First, credit where credit is due, the OP’s title comes naturally from a line from the Steely Dan song Kid Charlemagne.
It’s the critical moment in the film when the character knows that not only has he f ’ ed up royally but now has passed the point of no returning. Nothing again will ever be the same.
I can name two.
In Fargo, when William H. Macy’s character is interviewed for the second time by Frances McDormand’s character.
He figures he had handled the first one well enough. McDormand doesn’t suspect anything from Macy at first but the pressure is just too much. He fidgets and stammers away until McDormand knows something is up and you can see that the poor guy, one of filmdom’s most pathetic losers, realizes the jig is up and he has no other recourse but to flee. The film captures Lundegaard’s continuous slow-motion disaster perfectly and you can see Macy’s character falling deeper and deeper into this hole he made and has no hope of crawling out of it.
In Quiz Show, when Ralph Fiennes confesses to his father the sham and shenanigans he had perpetrated, you have to feel sorry for him -though he was in that mess because he had gotten himself in that mess- the sense of desperation and shame seems one any of us could identify with.

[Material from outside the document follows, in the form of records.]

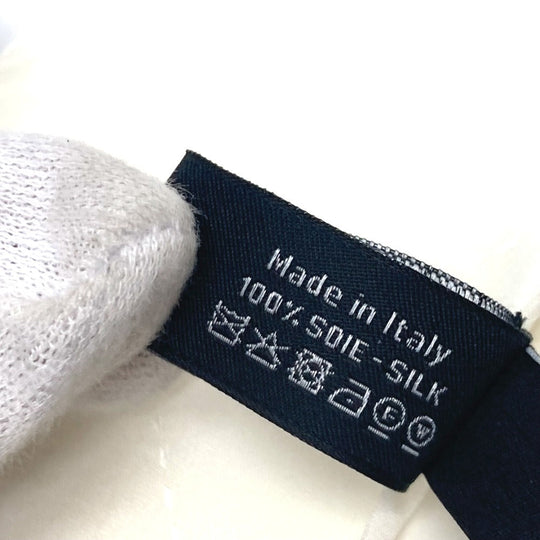 CHANEL scarf silk white COCO Mark Matrasse Women Used Authentic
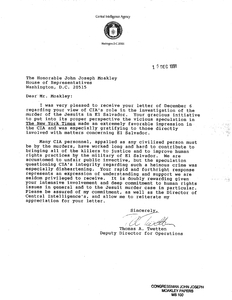 Letter to John Joseph Moakley from Thomas A. Twetten, Deputy Director of Operations, regarding the CIA's (Central Intelligence Agency) role in the investigation of the Jesuit murders, 10 December 1991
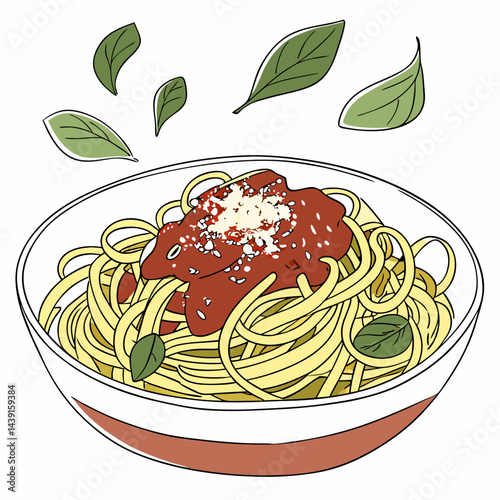 pasta with tomato sauce and basil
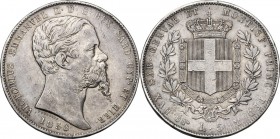 Vittorio Emanuele II (1849-1861), Re di Sardegna. 5 lire 1858 Torino. Pag. 386; Mont. 56. AG. 37.00 mm. RR. Segnetti BB/BB+.
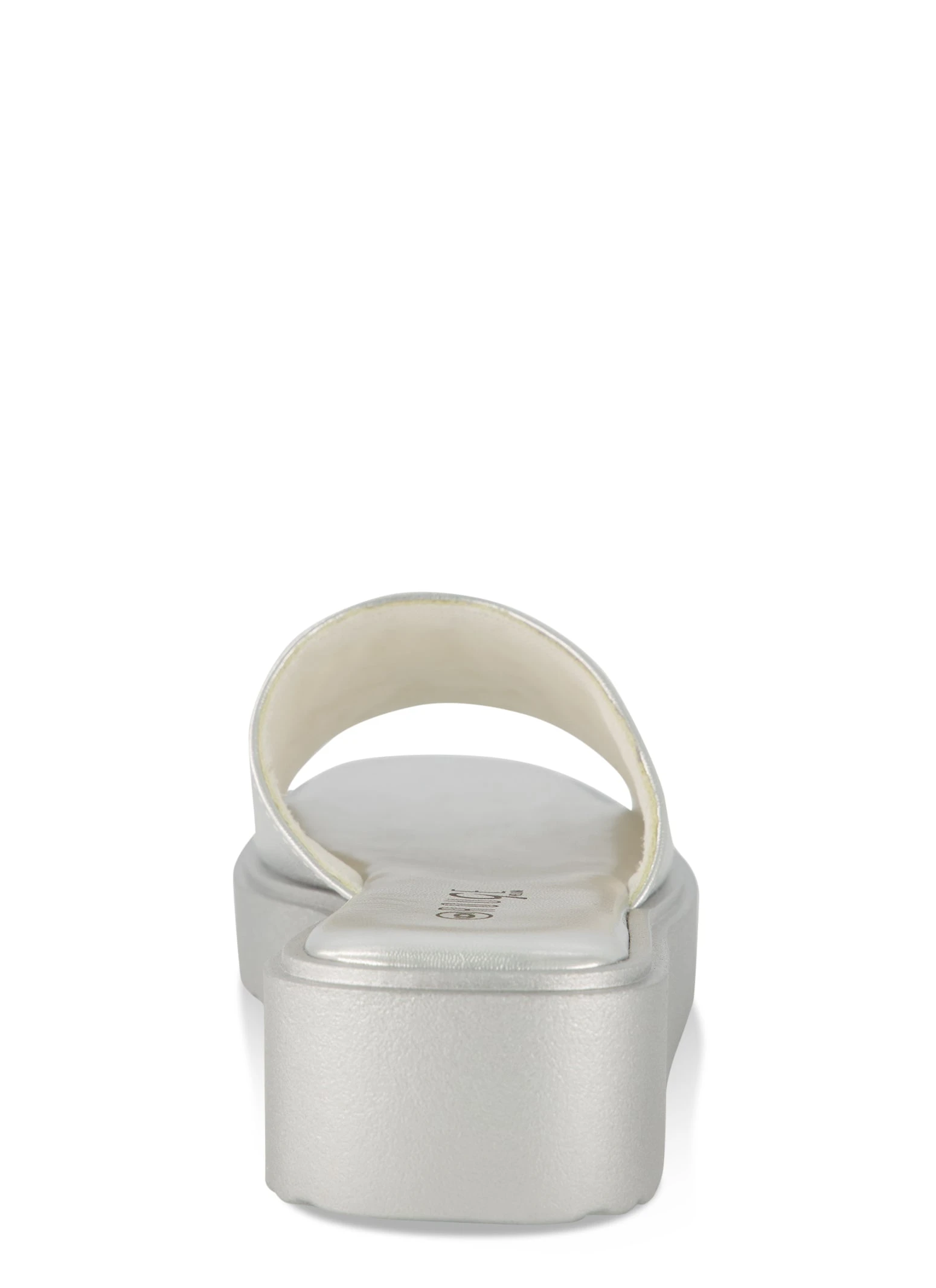 Solid Square Toe Platform Slide Sandals - Image 3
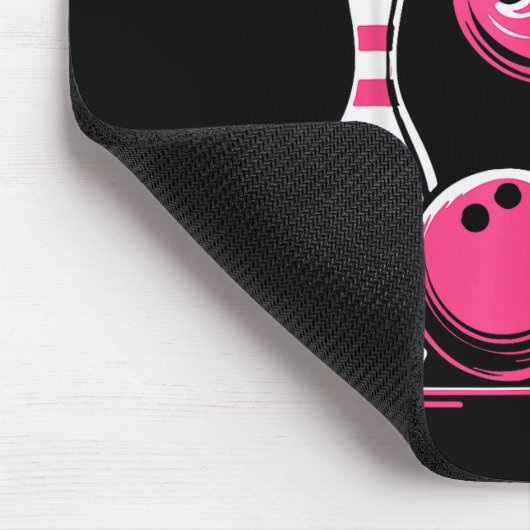 Funny Flamingo Bowling N Bowl Bowler Mousepad (Ecke)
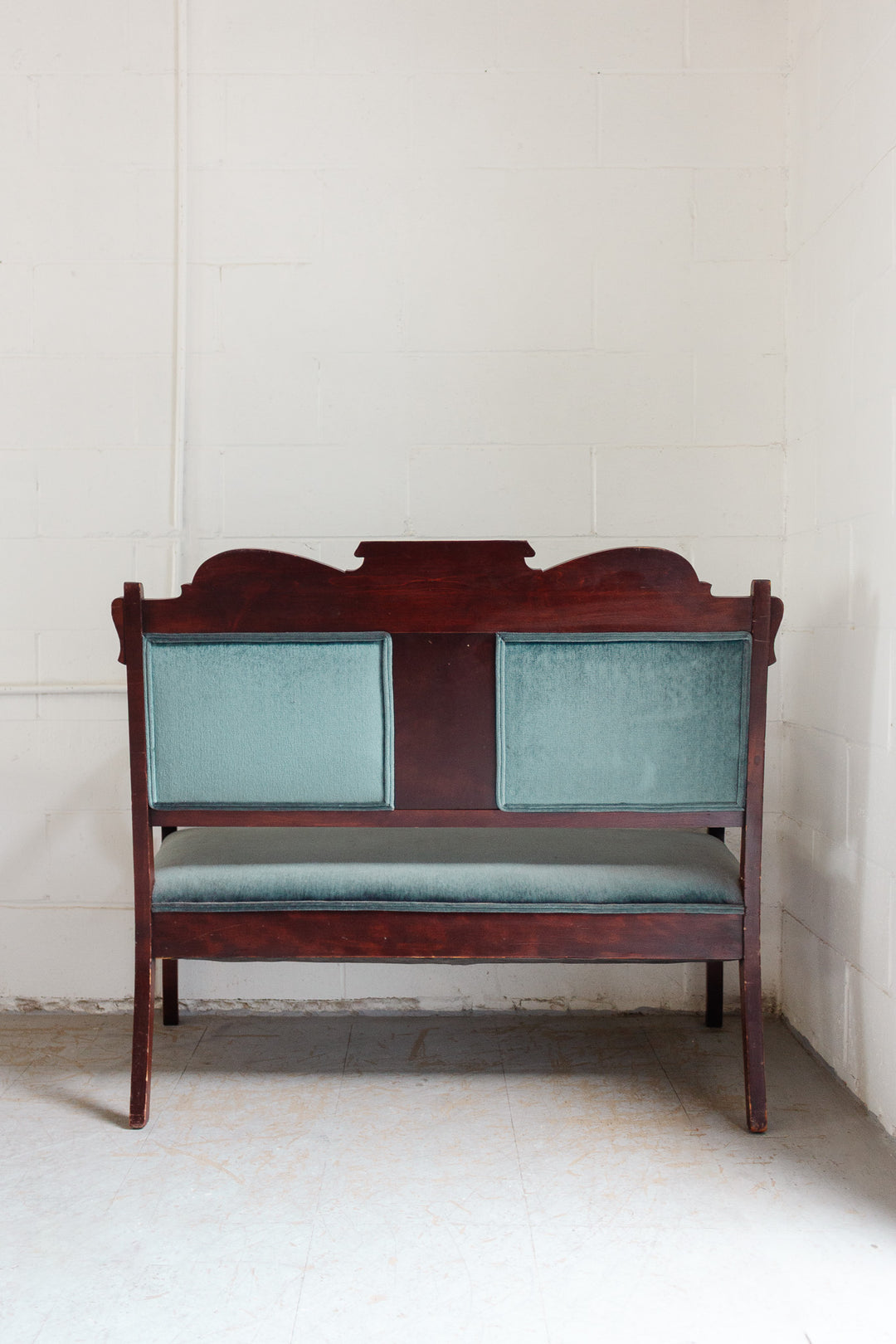 antique english Eastlake upholstered settee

I think the best example of this in the past few years would be Requiem for a Dream. In fact, it takes world destruction of the four leads to an excessive and extreme level, giving a painful ten minutes of cinema:
as a result of shooting up into his infected arm, the lead character gets it amputated in a Southern prison hospital, where he and his friend are imprisoned for a long term of years. Simultaneously, his mother is blasted into a vegetative state with electroshock therapy and confined in a cell, never to rise again. And his girlfriend, desparate for drugs, begins participating in sleazy lesbian sex shows in front of the drug dealer’s friends.
That scene where Jack realizes that he is Tyler, after the phone call with Marla, and then his subsequent conversation with Tyler. The whole…“We have just lost cabin pressure” and the line “It’s called a changeover- the movie goes on and no one in the audience has any idea.”

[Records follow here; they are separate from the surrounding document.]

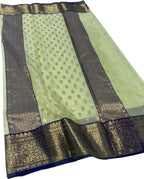 Elegant Green Chanderi Handloom Pure Katan Silk Saree - Luxurion World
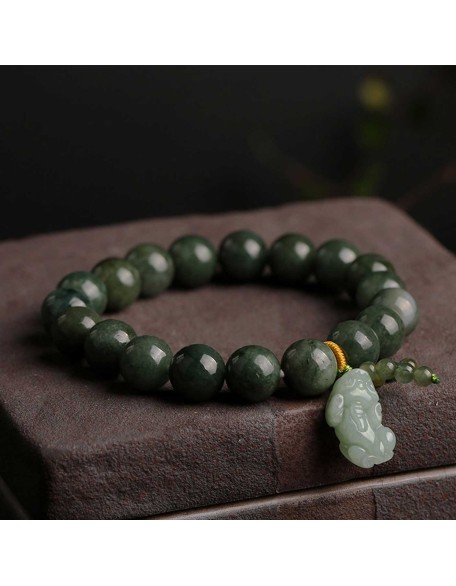 Green Jade Bracelet with Pixiu - Invite Wealth & Calming Energies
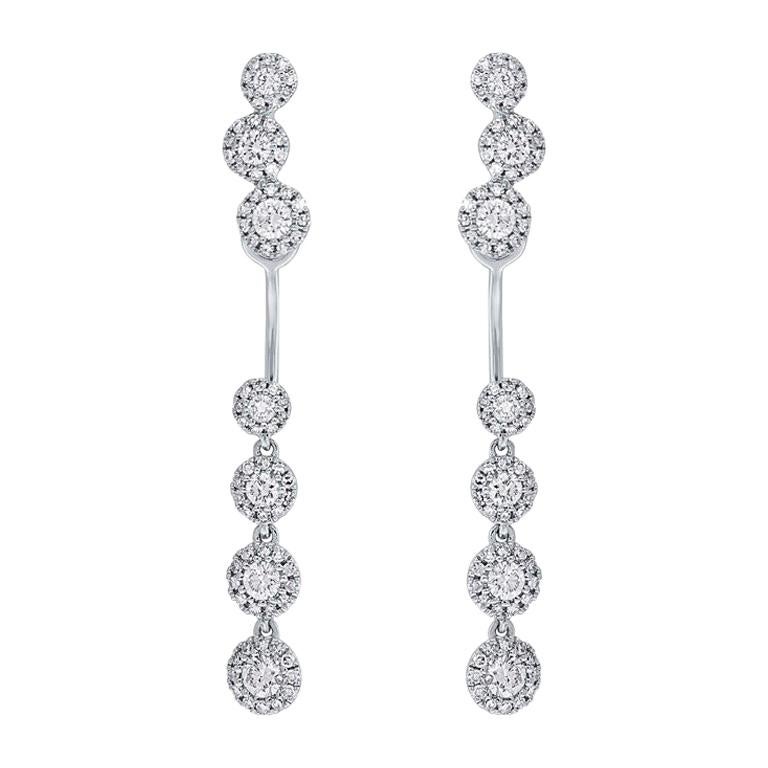 0.94 Carat 14 Karat White Gold Diamond Earring Jacket with Studs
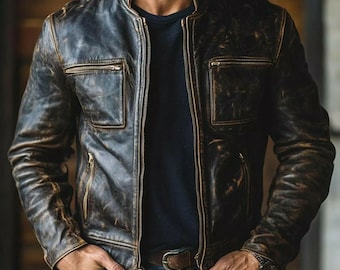 Men’s Handmade Vintage Distressed Black Lambskin Leather Jacket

And of course, the ending where the world literally falls apart, building by building…
I suppose in a way The Matrix would qualify. The “world crumbling” scene doesn’t come at the end of the movie, but in the middle, and of course the movie as a whole has a happy or at least hopeful ending.
Perhaps more in keeping with what the OP has in mind, the ending to Seven (or if you insist, Se7en).

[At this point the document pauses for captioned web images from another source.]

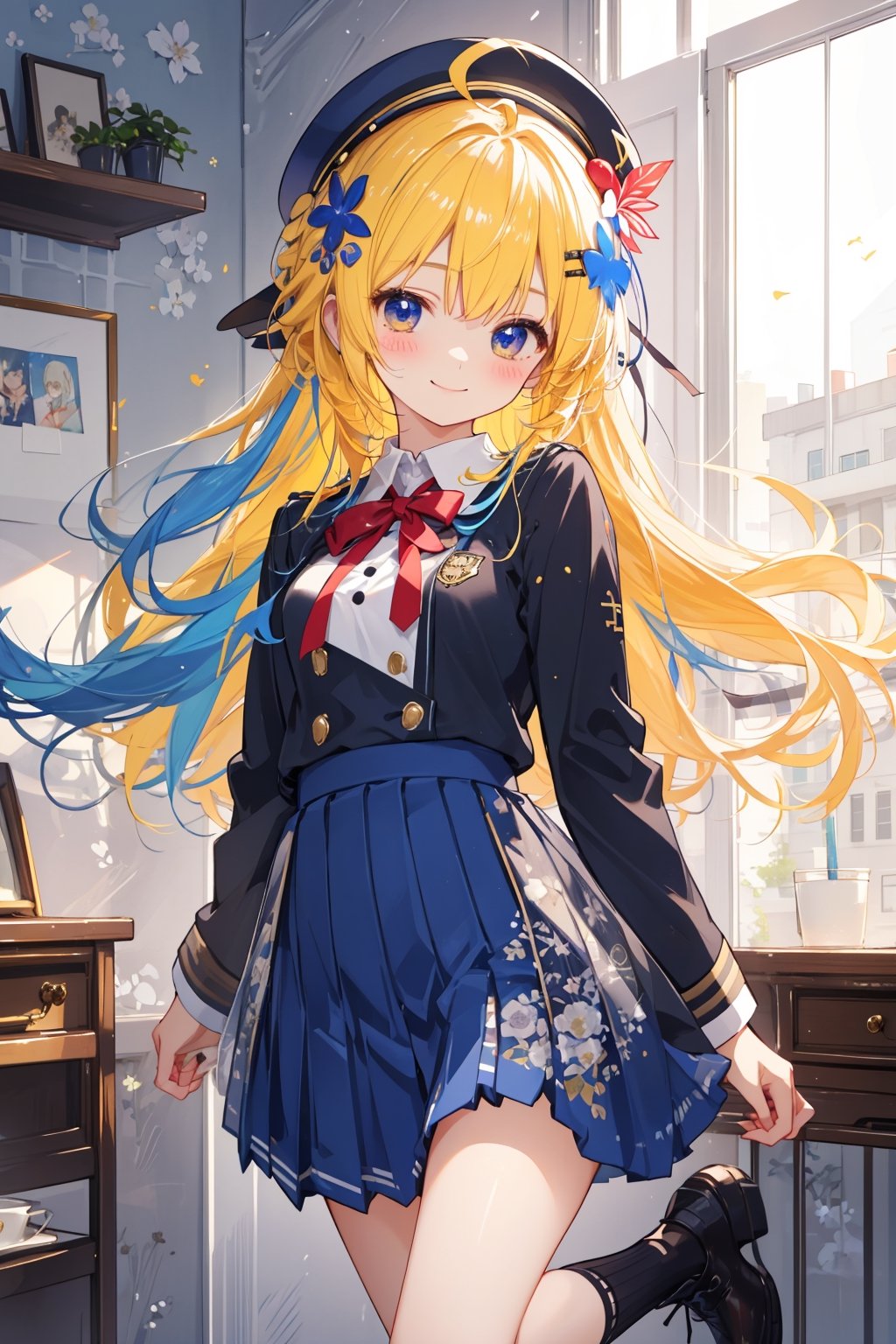 masterpiece, best quality, ultra detailed, extremely detailed, wallpaper, 1girl, solo, long hair, blush, hair ornament, hat, black hair, ahoge, uniform, blue hair, yellow hair, pleated skirt, standing on one leg, arm open, smile, happy, cute, pattern_clothing, intricate, 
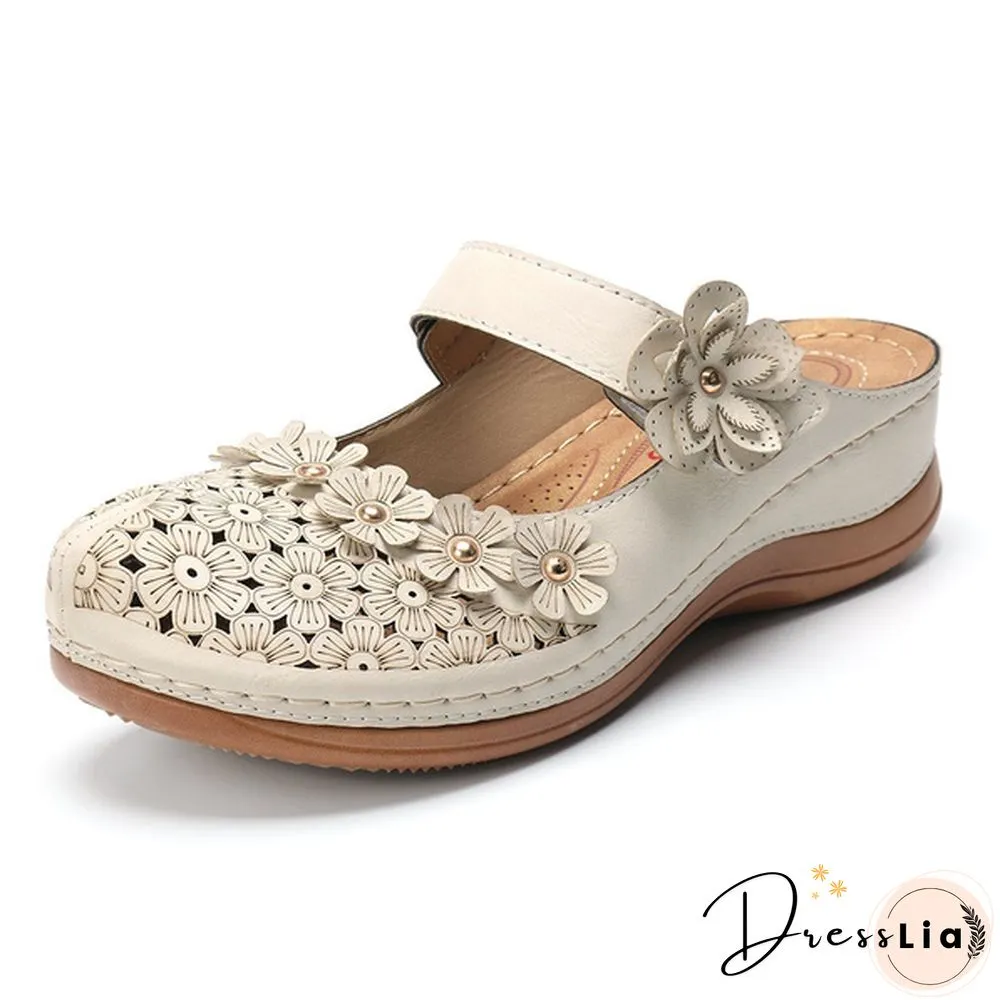 New Arrival Women Vintage Style Sandals Flats Shoes Summer Casual Shoes Retro Shoes Breathable Shoes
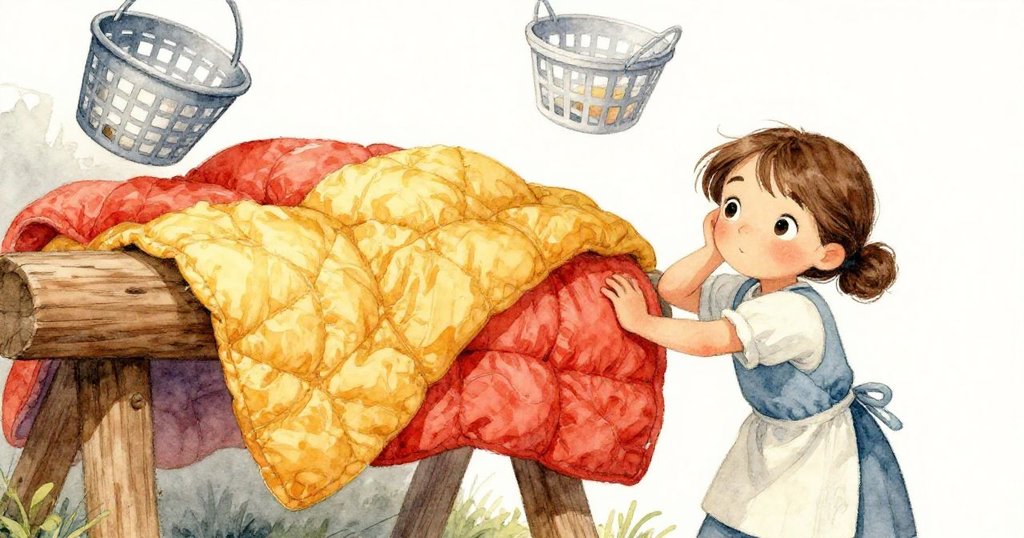 妮娜在傾斜視角下調整沉重棉被,木樑彎曲、掛籃搖擺,神情專注,場景充滿溫暖動感。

How about The Truman Show? That film was pretty much all about the protagonist’s world falling apart, sometimes literally, as in the first scene where a spotlight comes crashing down from the (apparently) clear blue sky.
Not a film (well, not usually associated with film), but Macbeth’s ‘stepped in blood’ speech pretty much describes this happening. And Othello in Act V, too, where he realises that Iago played him - and earlier when he becomes convinced that Desdemona is cheating on him. I guess Shakespeare is good at this sort of thing.
I love that play. I could talk about it for hours.
And, for that matter, most of King Lear – but I’m thinking specifically of the scene just before he goes out in the storm:
You see me here, you gods, a poor old man,
As full of grief as age; wretched in both!
If it be you that stir these daughters’ hearts
Against their father, fool me not so much
To bear it tamely; touch me with noble anger,
And let not women’s weapons, water-drops,
Stain my man’s cheeks! No, you unnatural hags,
I will have such revenges on you both,
That all the world shall – I will do such things –
What they are, yet I know not: but they shall be
The terrors of the earth. You think I’ll weep;
No, I’ll not weep:
I have full cause of weeping; but this heart
Shall break into a hundred thousand flaws,
Or ere I’ll weep. O fool, I shall go mad!
I love the way the 1970 Peter Brook film handles this speech, with the camera going in and out of focus – it’s like you’re seeing through Lear’s eyes as his mind breaks up, but at the same time, you’re looking at him – very, very cool.
Michael confronts Frodo at the Havana New Year’s Eve party and gives him the kiss of death after telling him, “I know it was you Frodo. You broke my heart.”